The guidance, stemming from concerns about "inherent conflicts of interest" in such role switching, was formally adopted Friday at the group's board meeting in Chicago. It came about four months after the group's committee on governmental debt management proposed it in two recommended practices - one on the selection of FAs and the other on the selection of underwriters for negotiated transactions.
Adoption of the GFOA guidance is noteworthy because bond dealer trade groups oppose it and because it goes further than the warnings in the Municipal Securities Rulemaking Board's Rule G-23, which says only that conflicts may exist.
The Securities Industry and Financial Markets Association has criticized the language in both RPs that suggests that an issuer should hire another FA if the dealer-FA resigns in a negotiated sale to become underwriter, because it creates the presumption that the governmental entity has acted improperly if it has legally consented to the dealer's switch in roles.
Still, the guidance was met with a supporting resolution on Friday from the National Association of Independent Public Finance Advisors, which has repeatedly pushed the MSRB in recent years to make Rule G-23 more restrictive. The board has declined to so, contending such changes are not warranted.
For more than a decade, the GFOA has warned that dealer-FAs that become underwriters in the same negotiated deals pose real conflicts of interest. The group has urged issuers to enact written policies on whether, and under what circumstances, they will permit a dealer-FA to switch roles.
The group has also stressed that issuers should be aware that the roles of the underwriter and the FA are "separate" and "adversarial."

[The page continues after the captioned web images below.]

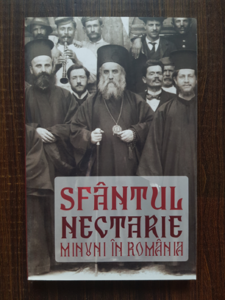 Danion Vasile, Ciprian Voicila - Sfantul Nectarie. Minuni in Romania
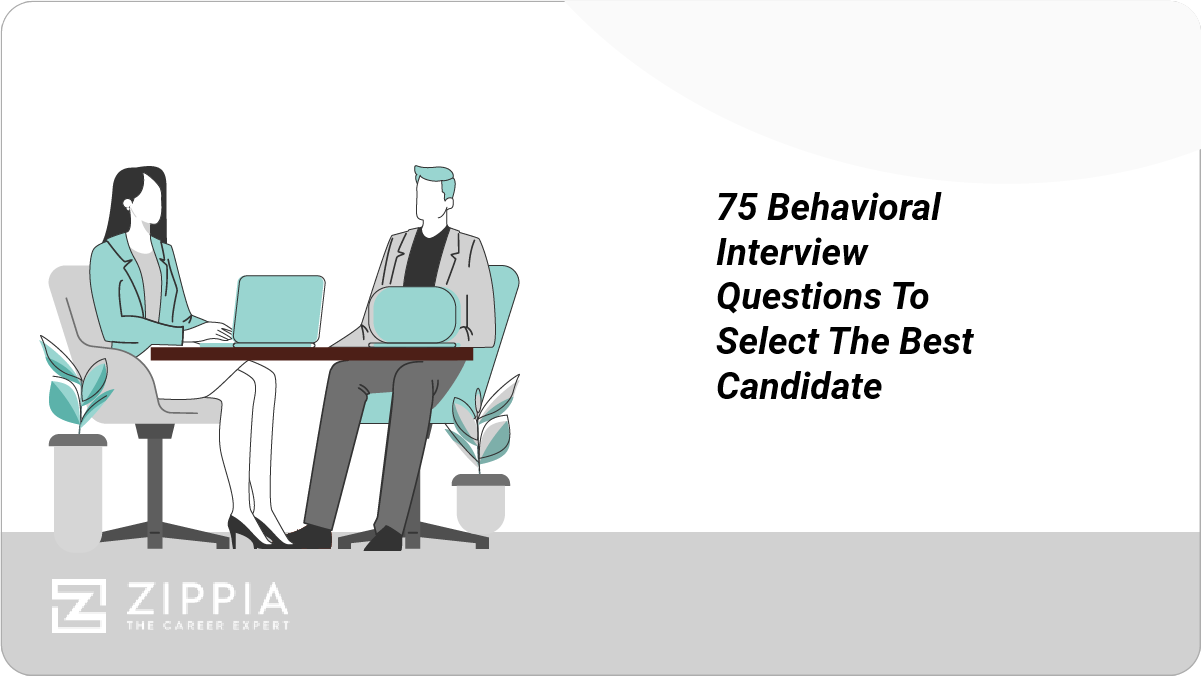 75 Behavioral Interview Questions To Select The Best Candidate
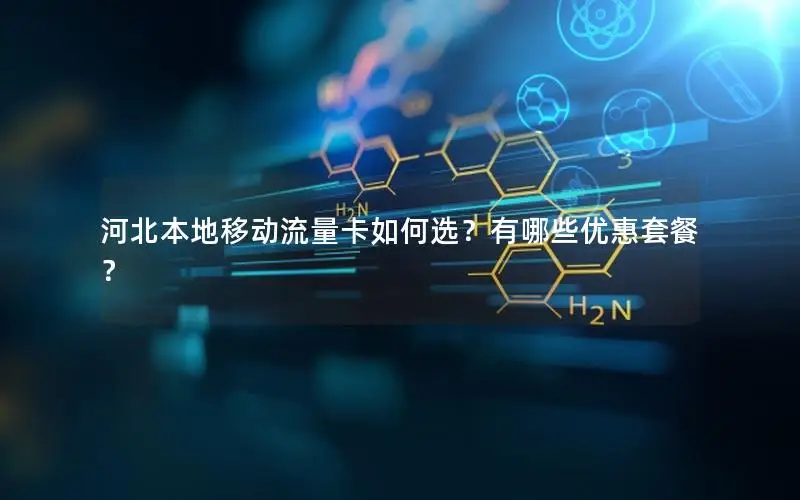 河北本地移动流量卡如何选？有哪些优惠套餐？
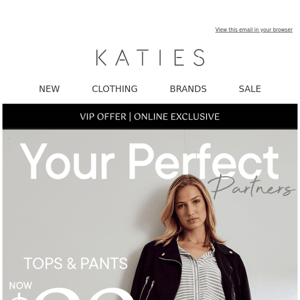 VIP ACCESS to Katies $29 Tops & Pants FRENZY!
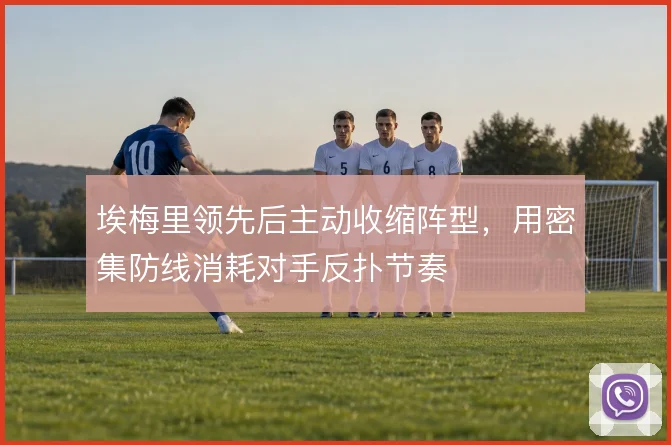 埃梅里领先后主动收缩阵型，用密集防线消耗对手反扑节奏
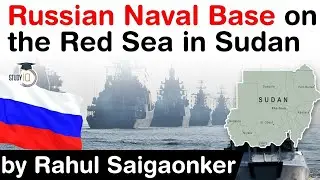 Russia Defence Deal with Sudan - Russia to build Naval Base on the Red Sea in Sudan #UPSC #IAS
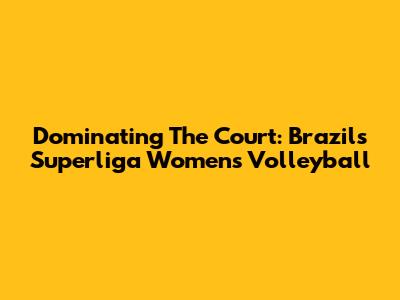 Dominating The Court: Brazil's Superliga Women's Volleyball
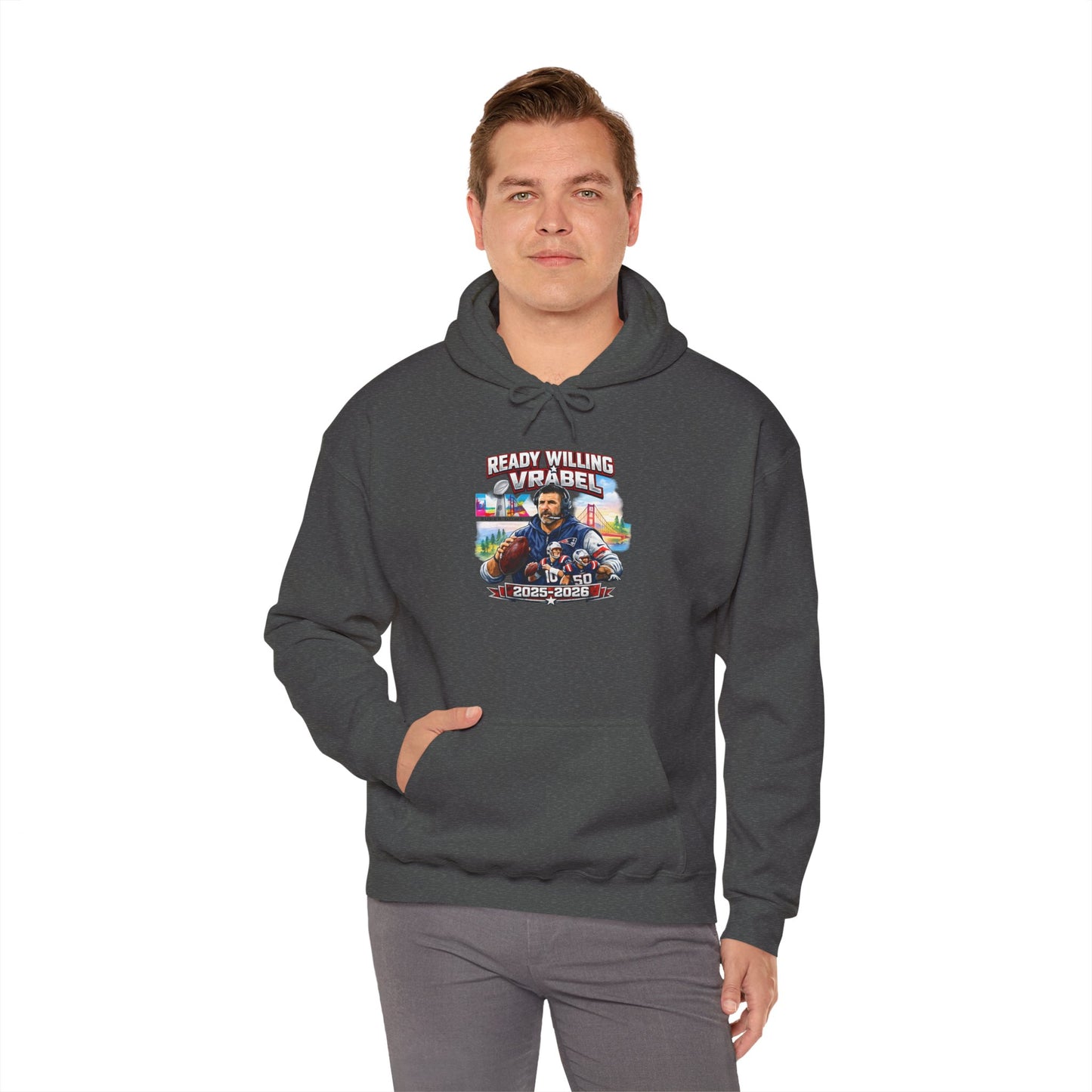 Ready, Willing, & Vrabel Hoodie — Veteran Tribute Graphic Pullover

But the GFOA debt committee moved over the past year and a half to strengthen its warnings about such conflicts of interest by breaking up a single RP on requests for proposals for the selection of FAs and underwriters for negotiated bond sales into two separate documents. They now now each include this statement: "It is the intent of this RP to set a higher standard than is required under MSRB Rule G-23, because disclosure and consent are not sufficient to cure the inherent conflict of interest."
Frank Hoadley, the Wisconsin capital finance director and chairman of the debt committee, said yesterday that the intent in separating the single RP into two documents was to better distinguish the difference in the fiduciary responsibilities of the two roles.

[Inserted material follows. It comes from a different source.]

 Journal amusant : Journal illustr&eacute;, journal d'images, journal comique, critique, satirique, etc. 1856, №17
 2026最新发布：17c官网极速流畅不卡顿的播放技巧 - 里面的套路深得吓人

Meanwhile, the GFOA action comes after the MSRB has twice since 2005 declined to adopt NAIPFA recommendations and revise G-23 to require a dealer-FA contemplating a role switch to: disclose to the issuer that conflicts of interest exist rather than that they might exist; obtain explicit, formal consent from the issuer's policy makers that the role switch and conflicts of interest are acceptable; and completely terminate its financial adviser role with the issuer once it becomes underwriter, unless the issuer simultaneously employs more than one FA.

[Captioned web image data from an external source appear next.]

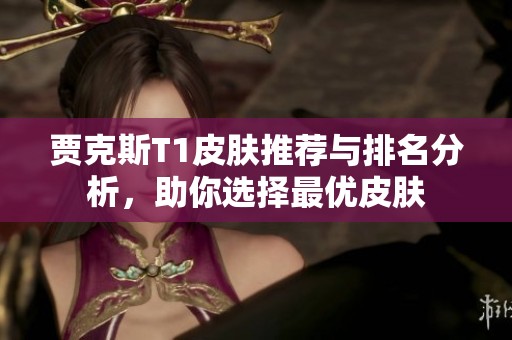 贾克斯T1皮肤推荐与排名分析，助你选择最优皮肤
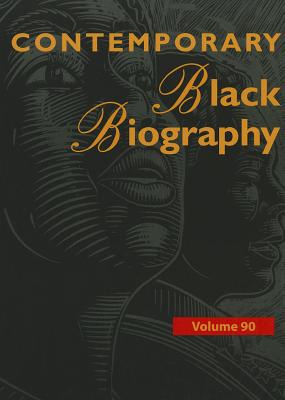 Contemporary Black Biography: Profiles from the International Black Community - Mazurkiewicz, Margaret (Editor)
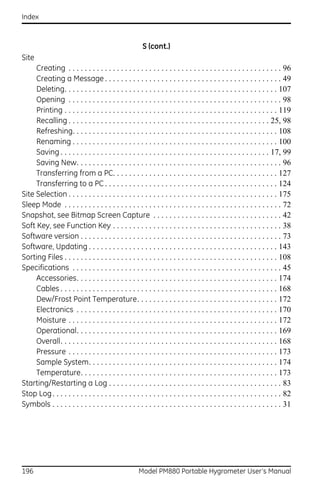 Index



                                                        S (cont.)
Site
     Creating . . . . . . . . . . . . . . . . . . . . . . . . . . . . . . . . . . . . . . . . . . . . . . . . . . . . . 96
     Creating a Message . . . . . . . . . . . . . . . . . . . . . . . . . . . . . . . . . . . . . . . . . . . . 49
     Deleting. . . . . . . . . . . . . . . . . . . . . . . . . . . . . . . . . . . . . . . . . . . . . . . . . . . . . 107
     Opening . . . . . . . . . . . . . . . . . . . . . . . . . . . . . . . . . . . . . . . . . . . . . . . . . . . . . 98
     Printing . . . . . . . . . . . . . . . . . . . . . . . . . . . . . . . . . . . . . . . . . . . . . . . . . . . . . 119
     Recalling . . . . . . . . . . . . . . . . . . . . . . . . . . . . . . . . . . . . . . . . . . . . . . . . . . 25, 98
     Refreshing. . . . . . . . . . . . . . . . . . . . . . . . . . . . . . . . . . . . . . . . . . . . . . . . . . . 108
     Renaming . . . . . . . . . . . . . . . . . . . . . . . . . . . . . . . . . . . . . . . . . . . . . . . . . . . 100
     Saving . . . . . . . . . . . . . . . . . . . . . . . . . . . . . . . . . . . . . . . . . . . . . . . . . . . . 17, 99
     Saving New. . . . . . . . . . . . . . . . . . . . . . . . . . . . . . . . . . . . . . . . . . . . . . . . . . . 96
     Transferring from a PC. . . . . . . . . . . . . . . . . . . . . . . . . . . . . . . . . . . . . . . . . 127
     Transferring to a PC . . . . . . . . . . . . . . . . . . . . . . . . . . . . . . . . . . . . . . . . . . . 124
Site Selection . . . . . . . . . . . . . . . . . . . . . . . . . . . . . . . . . . . . . . . . . . . . . . . . . . . . 175
Sleep Mode . . . . . . . . . . . . . . . . . . . . . . . . . . . . . . . . . . . . . . . . . . . . . . . . . . . . . . 72
Snapshot, see Bitmap Screen Capture . . . . . . . . . . . . . . . . . . . . . . . . . . . . . . . . 42
Soft Key, see Function Key . . . . . . . . . . . . . . . . . . . . . . . . . . . . . . . . . . . . . . . . . . 38
Software version . . . . . . . . . . . . . . . . . . . . . . . . . . . . . . . . . . . . . . . . . . . . . . . . . . 73
Software, Updating . . . . . . . . . . . . . . . . . . . . . . . . . . . . . . . . . . . . . . . . . . . . . . . 143
Sorting Files . . . . . . . . . . . . . . . . . . . . . . . . . . . . . . . . . . . . . . . . . . . . . . . . . . . . . 108
Specifications . . . . . . . . . . . . . . . . . . . . . . . . . . . . . . . . . . . . . . . . . . . . . . . . . . . . 45
     Accessories. . . . . . . . . . . . . . . . . . . . . . . . . . . . . . . . . . . . . . . . . . . . . . . . . . 174
     Cables . . . . . . . . . . . . . . . . . . . . . . . . . . . . . . . . . . . . . . . . . . . . . . . . . . . . . . 168
     Dew/Frost Point Temperature. . . . . . . . . . . . . . . . . . . . . . . . . . . . . . . . . . . 172
     Electronics . . . . . . . . . . . . . . . . . . . . . . . . . . . . . . . . . . . . . . . . . . . . . . . . . . 170
     Moisture . . . . . . . . . . . . . . . . . . . . . . . . . . . . . . . . . . . . . . . . . . . . . . . . . . . . 172
     Operational. . . . . . . . . . . . . . . . . . . . . . . . . . . . . . . . . . . . . . . . . . . . . . . . . . 169
     Overall. . . . . . . . . . . . . . . . . . . . . . . . . . . . . . . . . . . . . . . . . . . . . . . . . . . . . . 168
     Pressure . . . . . . . . . . . . . . . . . . . . . . . . . . . . . . . . . . . . . . . . . . . . . . . . . . . . 173
     Sample System. . . . . . . . . . . . . . . . . . . . . . . . . . . . . . . . . . . . . . . . . . . . . . . 174
     Temperature. . . . . . . . . . . . . . . . . . . . . . . . . . . . . . . . . . . . . . . . . . . . . . . . . 173
Starting/Restarting a Log . . . . . . . . . . . . . . . . . . . . . . . . . . . . . . . . . . . . . . . . . . . 83
Stop Log . . . . . . . . . . . . . . . . . . . . . . . . . . . . . . . . . . . . . . . . . . . . . . . . . . . . . . . . . 82
Symbols . . . . . . . . . . . . . . . . . . . . . . . . . . . . . . . . . . . . . . . . . . . . . . . . . . . . . . . . . 31




196                                                   Model PM880 Portable Hygrometer User’s Manual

Robert Doty, president of the financial advisory firm American Governmental Financial Services Co. in Sacramento and former vice president of NAIPFA, said there are several dealers who "follow the routine practice" of using their status as an FA as "an employment device," signing on as FA in order to obtain business as the issuer's underwriter.
"There are some dealers who do this, and I'm not going to name any names, but there are certain segments of the country where it is accepted practice," he said.
But Leslie Norwood, SIFMA's managing director and associate general counsel, said yesterday that the broker-dealer group believes there should be a level playing field between dealer-FAs, which are regulated by the Securities and Exchange Commission and the MSRB, and independent FAs, which are not. She added that G-23 was adequate for managing potential conflicts of interest.
"Part of working in the financial markets is managing potential conflicts of interest," she said. "They exist everywhere, and as long as there's enforcement of G-23, which SIFMA believes there is, we feel that that provides an adequate safeguard and disclosure regime for managing potential the conflicts of interest."